Exact repetition, please: start with the line where "28000 BTU 2" appears and stop after the final line of the records.

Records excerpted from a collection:
[Start of Attachment]

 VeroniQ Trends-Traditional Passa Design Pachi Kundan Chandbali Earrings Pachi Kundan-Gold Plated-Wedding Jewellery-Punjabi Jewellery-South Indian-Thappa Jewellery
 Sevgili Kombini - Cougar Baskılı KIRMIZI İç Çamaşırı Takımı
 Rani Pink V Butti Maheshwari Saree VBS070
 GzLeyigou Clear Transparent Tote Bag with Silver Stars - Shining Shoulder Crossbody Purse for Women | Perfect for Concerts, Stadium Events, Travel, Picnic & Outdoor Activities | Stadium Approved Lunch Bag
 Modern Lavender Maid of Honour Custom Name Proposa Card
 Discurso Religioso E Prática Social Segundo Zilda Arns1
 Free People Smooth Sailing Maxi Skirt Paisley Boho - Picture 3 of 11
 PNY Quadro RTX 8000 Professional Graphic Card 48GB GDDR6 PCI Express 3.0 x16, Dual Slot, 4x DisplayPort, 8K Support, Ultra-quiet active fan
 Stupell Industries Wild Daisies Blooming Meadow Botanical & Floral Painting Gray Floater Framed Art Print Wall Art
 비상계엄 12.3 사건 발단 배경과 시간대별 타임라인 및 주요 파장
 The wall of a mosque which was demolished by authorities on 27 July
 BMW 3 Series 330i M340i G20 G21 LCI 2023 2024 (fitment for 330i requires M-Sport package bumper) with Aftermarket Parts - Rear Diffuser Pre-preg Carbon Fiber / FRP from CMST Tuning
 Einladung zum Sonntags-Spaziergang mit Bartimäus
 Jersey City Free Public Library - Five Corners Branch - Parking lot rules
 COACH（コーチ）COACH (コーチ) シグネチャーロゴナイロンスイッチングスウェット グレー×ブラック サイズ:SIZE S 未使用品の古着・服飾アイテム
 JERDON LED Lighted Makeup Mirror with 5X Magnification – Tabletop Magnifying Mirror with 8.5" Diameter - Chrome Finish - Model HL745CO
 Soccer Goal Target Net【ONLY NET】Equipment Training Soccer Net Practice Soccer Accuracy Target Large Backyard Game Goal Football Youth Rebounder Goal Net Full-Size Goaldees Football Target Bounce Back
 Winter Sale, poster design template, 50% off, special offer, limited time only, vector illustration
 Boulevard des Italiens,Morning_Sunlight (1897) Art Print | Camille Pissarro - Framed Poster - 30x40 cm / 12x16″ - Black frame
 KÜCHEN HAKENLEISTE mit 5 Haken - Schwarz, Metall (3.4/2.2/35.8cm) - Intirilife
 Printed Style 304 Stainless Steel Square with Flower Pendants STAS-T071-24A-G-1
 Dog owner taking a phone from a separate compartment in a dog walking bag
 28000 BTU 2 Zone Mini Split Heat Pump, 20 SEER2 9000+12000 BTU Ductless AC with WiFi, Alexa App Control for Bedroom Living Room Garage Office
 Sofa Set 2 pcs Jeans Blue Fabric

[End of Attachment]

Response area -
 28000 BTU 2 Zone Mini Split Heat Pump, 20 SEER2 9000+12000 BTU Ductless AC with WiFi, Alexa App Control for Bedroom Living Room Garage Office
 Sofa Set 2 pcs Jeans Blue Fabric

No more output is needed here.